A cultura da propina ofuscou até
as boas iniciativas do presidente Peña Nieto, como as reformas econômicas. O
pacote de 11 medidas pró mercado teve impacto nos setores de energia,
telecomunicações e educação. O novo modelo energético, incluindo o fim do
monopólio da Pemex (a estatal do petróleo), deve atrair 175 bilhões de dólares
em investimentos no setor nos próximos anos. Na área de telecomunicações, a
nova regulamentação enfraqueceu o poder do magnata da telefonia Carlos Slim,
dono da América Móvil: as tarifas de telefonia caíram pela metade e o número de
mexicanos com acesso à banda larga móvel triplicou. Já a reforma educacional
ampliou os investimentos em escolas. Os feitos positivos de Peña Nieto
terminaram aí. As negociatas no Congresso para aprovar medidas, incluindo
distribuição de cargos, aliadas à má gestão fiscal, corroeram seu capital
político.
Durante a campanha, AMLO explorou
o desgaste dos últimos governos. Ele iniciou a campanha caprichando no discurso
populista. Prometeu reduzir o próprio salário, vender o avião presidencial,
transformar a residência oficial de Los Piños num parque público e “reavaliar”
parte das reformas econômicas. Depois de trocar farpas com grandes empresários
ligados a Peña Nieto – acusando-os de fazer parte de uma “máfia do poder” -,
Obrador baixou o tom. Ao melhor estilo “Lula Paz e Amor”, AMLO divulgou em
abril uma Carta ao Povo Mexicano e prometeu liderar um governo com rigor fiscal
e respeito à autonomia do Banco Central e à propriedade privada. “Obrador não deve
alterar a política fiscal nem a monetária e dificilmente vai mexer nas
reformas, no máximo vai colocar obstáculos para a implementação”, diz a
economista Monica de Bolle, diretora do Programa de Estudos Latino-Americanos
da Universidade de Johns Hopkins, em Washington.
A guerra contra os cartéis
Outra prioridade é o combate à
violência, que cresceu desde o início dos anos 2000, resultado do
fortalecimento dos carteis de drogas mexicanos.

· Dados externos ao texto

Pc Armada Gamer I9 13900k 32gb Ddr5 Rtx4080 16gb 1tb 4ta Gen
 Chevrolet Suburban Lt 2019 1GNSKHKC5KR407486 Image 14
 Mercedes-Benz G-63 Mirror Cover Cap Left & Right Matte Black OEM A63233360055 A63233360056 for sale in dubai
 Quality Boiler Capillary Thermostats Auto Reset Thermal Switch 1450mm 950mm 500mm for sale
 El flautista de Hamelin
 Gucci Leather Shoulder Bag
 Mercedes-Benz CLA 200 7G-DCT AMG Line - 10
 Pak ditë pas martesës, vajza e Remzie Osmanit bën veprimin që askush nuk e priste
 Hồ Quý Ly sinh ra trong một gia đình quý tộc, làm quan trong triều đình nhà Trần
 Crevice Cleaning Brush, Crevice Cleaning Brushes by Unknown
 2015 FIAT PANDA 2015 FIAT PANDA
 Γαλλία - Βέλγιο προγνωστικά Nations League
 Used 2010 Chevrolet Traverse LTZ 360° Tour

O problema se agravou em 2006,
com a decisão do governo de Felipe Calderón de usar o Exército para
combatê-los. “Se antes a violência era mais limitada à disputa entre os
cartéis, Calderón abriu uma nova frente de confronto e os cartéis passaram a
atacar o Estado”, diz o cientista político americano Benjamin Lessing, especialista
em violência na América Latina da Universidade de Chicago. Em 2008, Calderón
foi além e decidiu priorizar a prisão dos chefões dos cartéis. A medida,
visando enfraquecer o narcotráfico, criou um novo problema: sua fragmentação,
com pequenos grupos tentando ocupar o espaço dos cartéis. Peña Nieto, que se
elegeu em 2012 prometendo diminuir a violência, não conseguiu modificar o
quadro. Antes de Calderón, havia apenas sete cartéis no país. Hoje, são mais de
400 grupos, que diversificaram as atividades para além do tráfico de drogas,
com participações de policiais locais e milícias.
Desde 2006, foram empregados 50
Bilhões de dólares no combate à criminalidade, com poucos resultados – no ano
passado, foram registrados 27 mil homicídios, um recorde no país (no Brasil,
foram 59 mil). Os candidatos acenam com propostas vagas ou de difícil
implementação. Anaya, por exemplo, prometeu “desmantelar, não apenas decapitar”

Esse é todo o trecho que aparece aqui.